The giant ring-shaped structure in the village of Nowe Objezierze is thought to have been used for religious rituals and is one of the oldest man-made structures in Europe.
Mateusz Sosnowski from the Institute of Archaeology of the Nicolaus Copernicus University and Jerzy Czerniec from the Institute of Archaeology and Ethnology of the Polish Academy of Sciences made the discovery during analysis of data from Google Maps and Google Earth.
Looking for traces of ancient human activity they spotted two circular outlines about 85 m in diameter about 5 km from each other.
Each ring consists of a system of three oval ditches with a common centre.
Roundel in Tylice visible on the orthophotomap (credit: M. Sosnowski, source: Google Earth).
One of the structures (called a roundel, which refers to the circular shape) has visible gaps in the ditch system. These could have been entrances to the object, scientists say.
Sosnowski said: ”It is also interesting that the probable entrances are located exactly opposite each other, on the north-west - south-east axis. We believe that they may also have been associated with astronomical observations."
According to the archaeologist, the entrances are probably directed towards the rising sun during the winter solstice. "Further analysis will be needed to confirm this hypothesis," he said.
To date, more than 130 roundels have been located in Europe, a third of them in Austria. The rest are in today`s Hungary, Slovakia, the Czech Republic and Germany.

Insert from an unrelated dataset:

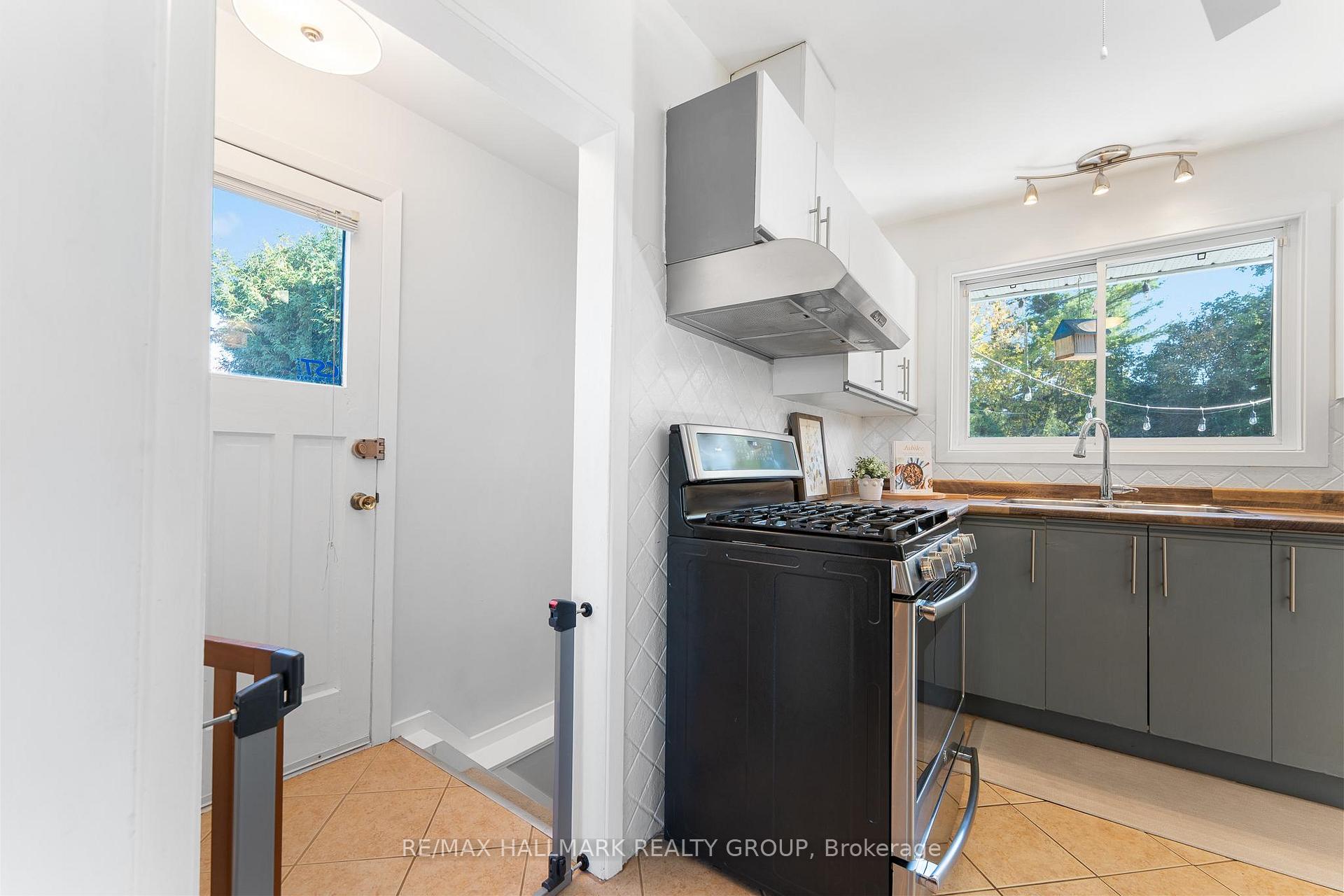 Photo 19 of 1346 Dorchester Avenue, Ottawa, Carlington — HOMEH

In 2014, only three such structures were known in Poland. Currently, there are now 10 known roundels.
Roundel in Tylice, hypsometric plan with the outlines of the ditches of the discovered object (credit: J. Czerniec).

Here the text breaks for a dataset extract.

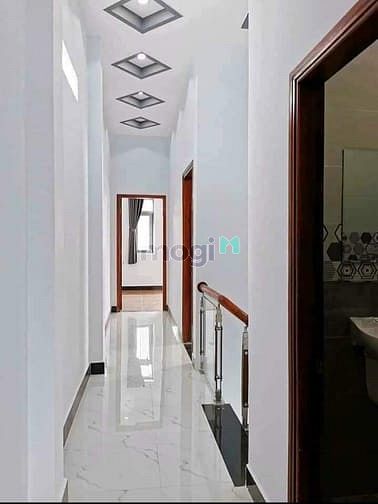 Hình ảnh Nhà bình tân chính chủ sổ hồng riêng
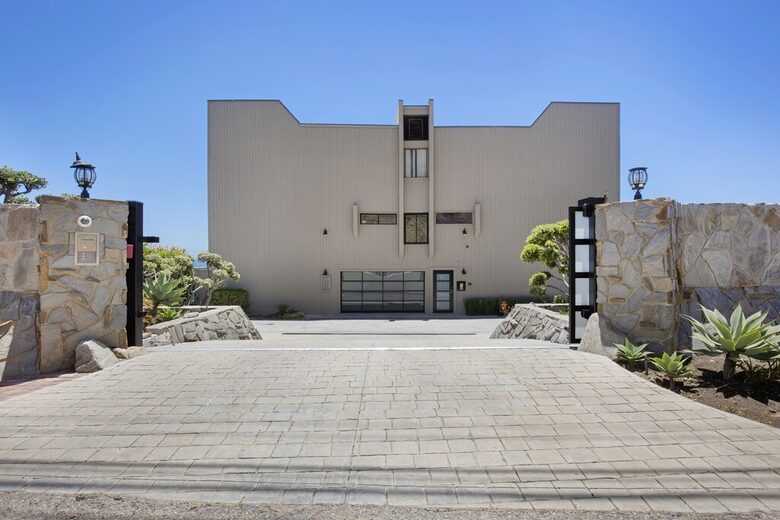Malibu Beachfront Luxe with Private Beach Access - Malibu, California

Sosnowski said: ”Our discovery can be called sensational due to the fact that the roundels are located east of the Vistula River. These are the northeasternmost structures of this type in Europe. We did not expect such a discovery in this area.”

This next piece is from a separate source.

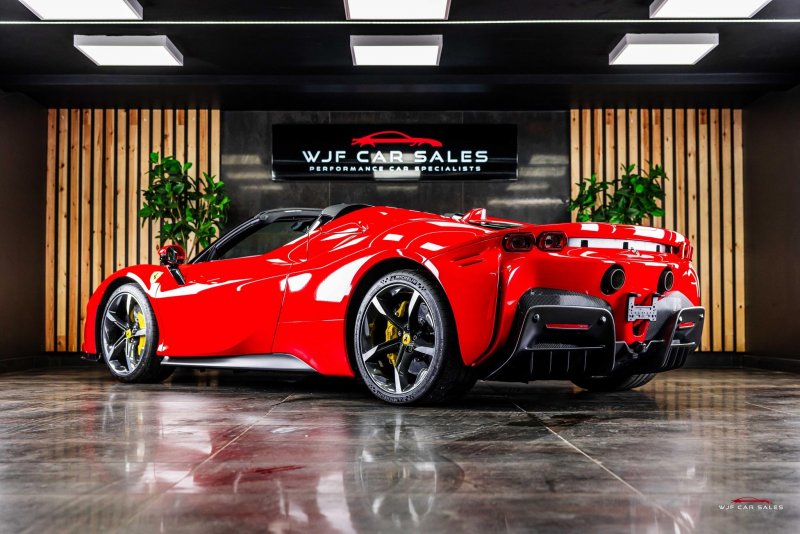 FERRARI SF90 STRADALE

Roundels were built by communities that were the first in Europe to grow crops and farm animals. At the time the roundels were thought to have been built in 4,800 BC, the area was one of the furthest north-east regions, where knowledge of agriculture reached.
Until recently, archaeologists believed that the area of Chełmno Land was not very densely populated by the first farmers. The latest findings will force them to review existing concepts. "Such large structures had to be planned and built by a large group of people," Sosnowski said.
Roundel in Łysomice visible on the orthophotomap (credit: M. Sosnowski, source: Google Earth).
The archaeologists also found fragments of ceramic vessels from the early Neolithic period, the time when roundels were built.
Roundel in Łysomice, hypsometric plan with the outlines of the ditches of the discovered object (credit: J. Czerniec).
Roundels are the oldest examples of monumental architecture in Europe. Archaeologists believe that they served as ceremonial centres, temples or places of assembly. They were surrounded not only by concentric ditches, but also by palisades, so they could also have defensive functions.